Directions for this task: What you return should be the complete listing, unchanged, with no pictures in it.

-- Opening Marker --

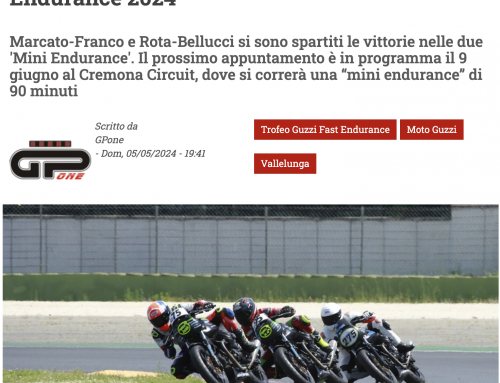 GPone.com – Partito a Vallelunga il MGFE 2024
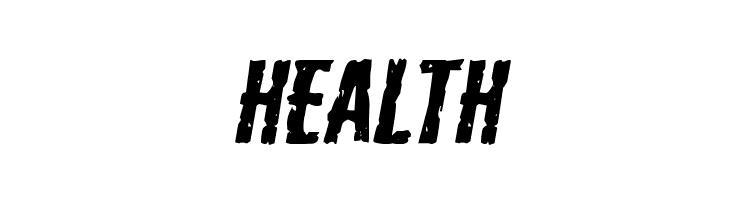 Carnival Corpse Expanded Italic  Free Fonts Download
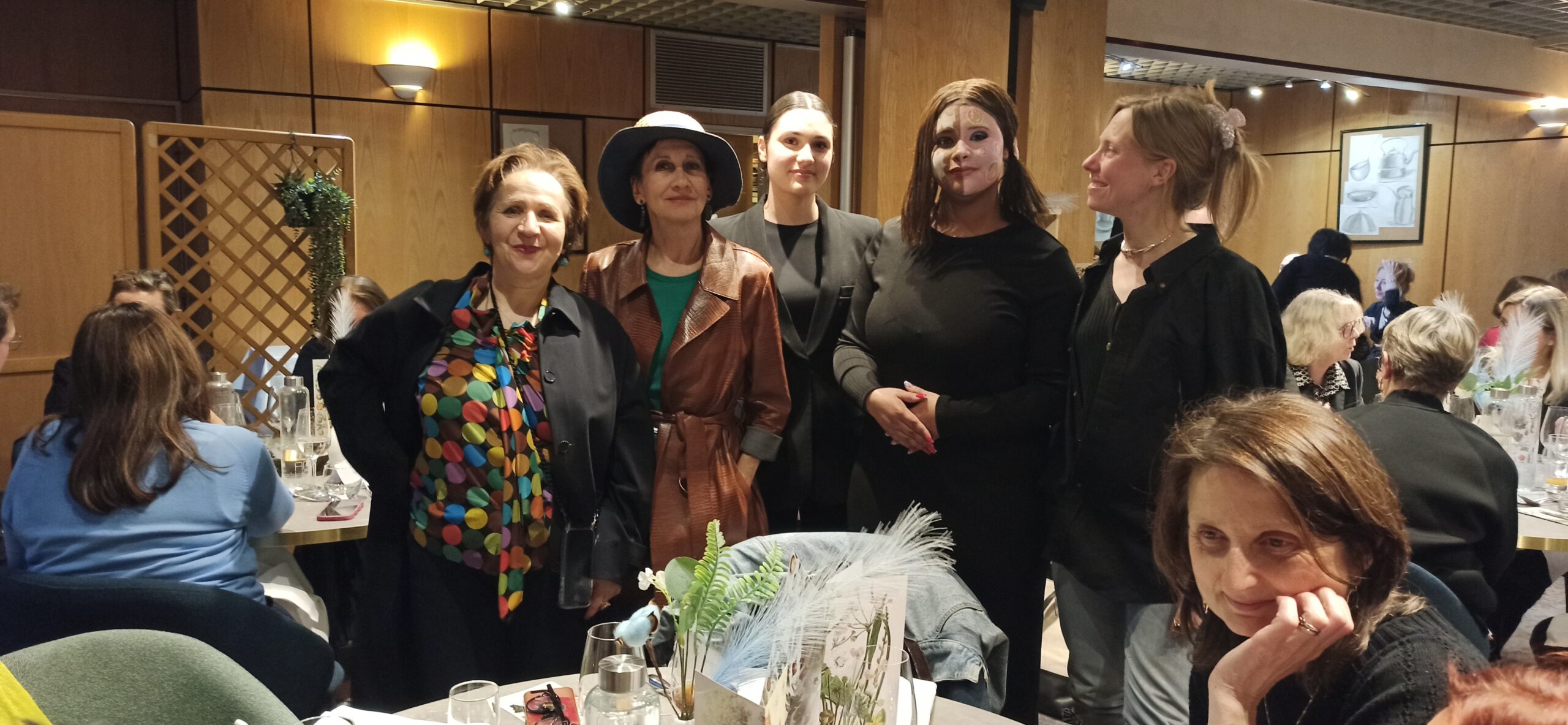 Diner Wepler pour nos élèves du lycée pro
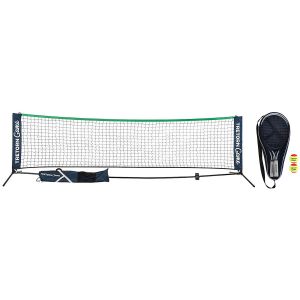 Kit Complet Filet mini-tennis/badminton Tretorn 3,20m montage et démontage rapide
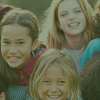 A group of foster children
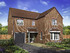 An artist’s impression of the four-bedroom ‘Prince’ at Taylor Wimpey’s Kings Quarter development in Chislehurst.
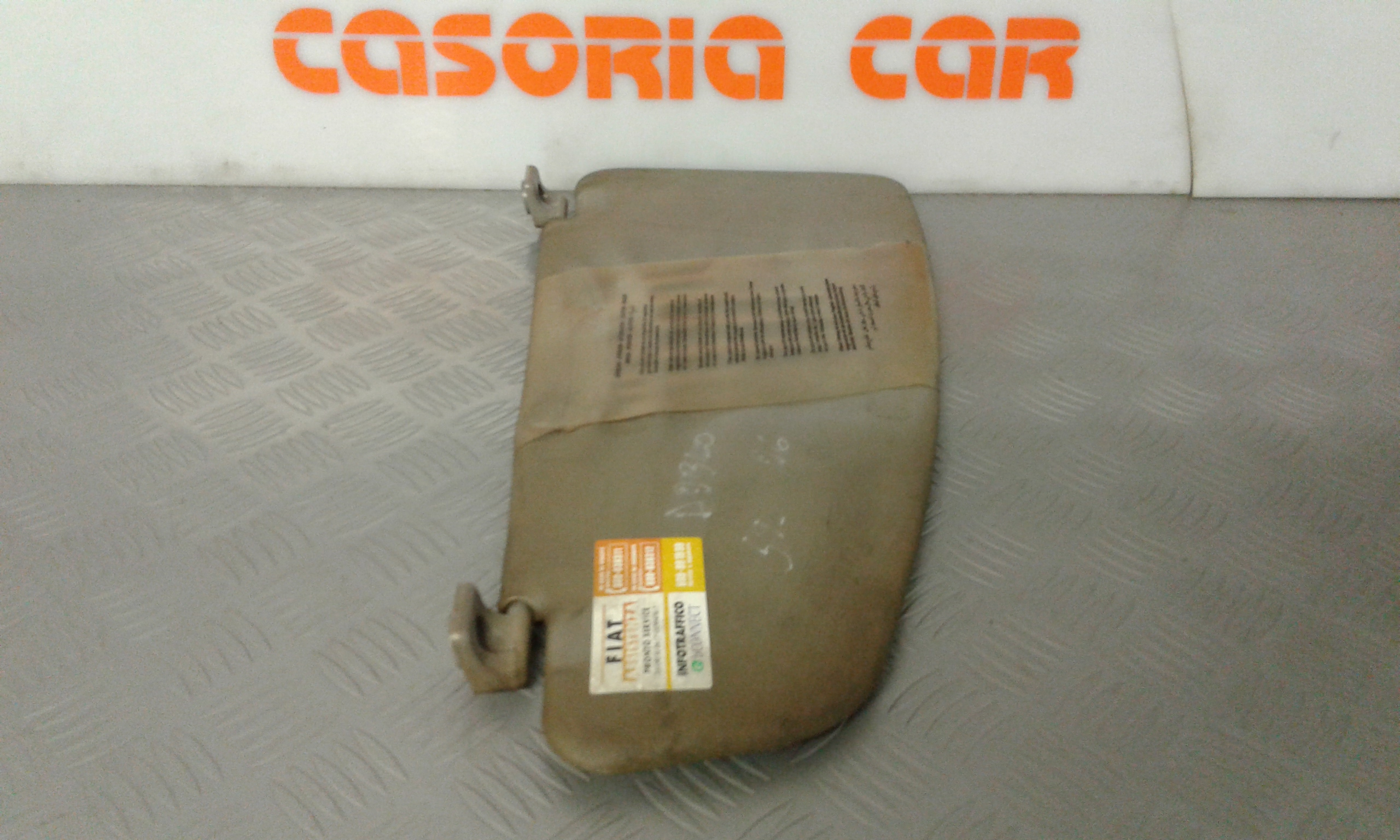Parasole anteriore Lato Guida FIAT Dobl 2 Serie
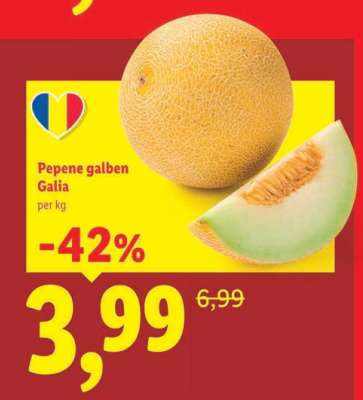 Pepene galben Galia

-- Closing Marker --

Result of this task:
 GPone.com – Partito a Vallelunga il MGFE 2024
 Carnival Corpse Expanded Italic  Free Fonts Download
 Diner Wepler pour nos élèves du lycée pro
 Kit Complet Filet mini-tennis/badminton Tretorn 3,20m montage et démontage rapide
 A group of foster children
 An artist’s impression of the four-bedroom ‘Prince’ at Taylor Wimpey’s Kings Quarter development in Chislehurst.
Parasole anteriore Lato Guida FIAT Dobl 2 Serie
 Pepene galben Galia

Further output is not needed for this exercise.